Carbonated water may be the key to storing CO2 properly in concrete, according to a new study published in Communications Materials.
“The cement and concrete industries significantly contribute to human-caused CO2 emissions,” says senior author Alessandro Rotta Loria, a professor at Northwestern University, US.
“We are trying to develop approaches that lower CO2 emissions associated with those industries and, eventually, could turn cement and concrete into massive ‘carbon sinks.’
“We are not there yet, but we now have a new method to reuse some of the CO2 emitted as a result of concrete manufacturing in this very same material. And our solution is so simple technologically that it should be relatively easy for industry to implement.”

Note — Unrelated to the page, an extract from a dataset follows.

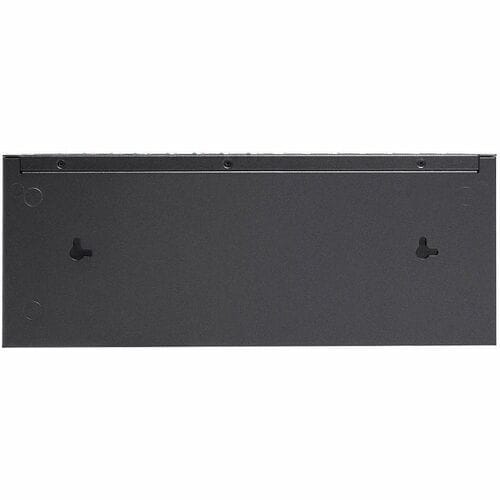 Switch inteligente Jetstream Web de 16 puertos G con 8 puertos PoE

Rotta Loria, along with colleagues from Northwestern and international building materials company CEMEX, found their method was 45% efficient at storing CO2, while still preserving the strength of the concrete.
There are plenty of projects around the globe aimed at storing CO2 in concrete. Generally, these projects involve adding CO2 to wet mixes or dry blocks, so that some of the minerals inside the concrete react to become stronger compounds like calcium carbonate (CaCO3).
But many of these processes are low in efficiency, taking up very little CO2, or produce weaker concrete.
This new approach added the CO2 at an earlier step: the researchers injected the gas into water, along with a small amount of cement powder.
“The cement suspension carbonated in our approach is a much lower viscosity fluid compared to the mix of water, cement and aggregates that is customarily employed in present approaches to carbonate fresh concrete,” says Rotta Loria.
“So, we can mix it very quickly and leverage a very fast kinetics of the chemical reactions that result in calcium carbonate minerals.
“The result is a concrete product with a significant concentration of calcium carbonate minerals compared to when CO2 is injected into the fresh concrete mix.”
The researchers strength-tested their new concrete and found it comparable to commercial concrete.
“Based on our experiments, we show the strength might actually be even higher. We still need to test this further, but, at the very least, we can say that it’s uncompromised,” says Rotta Loria.
“Because the strength is unchanged, the applications also don’t change. It could be used in beams, slabs, columns, foundations – everything we currently use concrete for.”